• PROBLEM REQUIREMENTS:
The answer must be one number: the count of lines in the data below that include "Black".

• Stored items:
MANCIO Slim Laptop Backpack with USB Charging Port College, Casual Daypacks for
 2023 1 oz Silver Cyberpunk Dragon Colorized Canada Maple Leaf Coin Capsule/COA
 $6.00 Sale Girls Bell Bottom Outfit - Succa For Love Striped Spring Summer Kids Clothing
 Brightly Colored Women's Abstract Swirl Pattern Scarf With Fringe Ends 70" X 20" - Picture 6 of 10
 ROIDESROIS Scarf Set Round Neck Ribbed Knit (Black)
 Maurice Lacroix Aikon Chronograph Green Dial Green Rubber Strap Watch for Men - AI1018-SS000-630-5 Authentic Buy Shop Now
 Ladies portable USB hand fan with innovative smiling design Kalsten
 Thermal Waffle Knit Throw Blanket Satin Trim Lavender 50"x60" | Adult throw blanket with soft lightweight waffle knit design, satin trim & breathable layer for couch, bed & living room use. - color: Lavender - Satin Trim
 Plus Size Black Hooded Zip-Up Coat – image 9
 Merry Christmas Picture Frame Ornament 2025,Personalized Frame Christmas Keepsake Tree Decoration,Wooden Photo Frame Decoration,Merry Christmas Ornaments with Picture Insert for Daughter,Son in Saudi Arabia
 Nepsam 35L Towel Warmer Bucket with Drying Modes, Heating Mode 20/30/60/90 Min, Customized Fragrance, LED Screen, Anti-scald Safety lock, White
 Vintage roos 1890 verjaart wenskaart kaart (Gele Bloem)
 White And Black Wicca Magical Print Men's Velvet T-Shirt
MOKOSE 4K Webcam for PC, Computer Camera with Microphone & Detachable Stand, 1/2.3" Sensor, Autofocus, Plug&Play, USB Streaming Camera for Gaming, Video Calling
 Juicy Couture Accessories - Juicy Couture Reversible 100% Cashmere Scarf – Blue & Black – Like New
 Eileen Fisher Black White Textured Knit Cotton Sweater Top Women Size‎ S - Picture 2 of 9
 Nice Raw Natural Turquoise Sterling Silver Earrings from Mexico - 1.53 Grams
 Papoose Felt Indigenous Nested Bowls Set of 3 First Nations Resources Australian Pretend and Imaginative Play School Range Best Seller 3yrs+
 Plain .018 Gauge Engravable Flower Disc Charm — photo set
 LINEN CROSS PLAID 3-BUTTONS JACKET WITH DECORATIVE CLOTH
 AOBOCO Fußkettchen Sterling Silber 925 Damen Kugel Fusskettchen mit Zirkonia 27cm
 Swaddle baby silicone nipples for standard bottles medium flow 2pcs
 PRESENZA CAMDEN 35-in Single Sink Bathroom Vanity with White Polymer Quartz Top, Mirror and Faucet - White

• YOUR SOLUTION:
5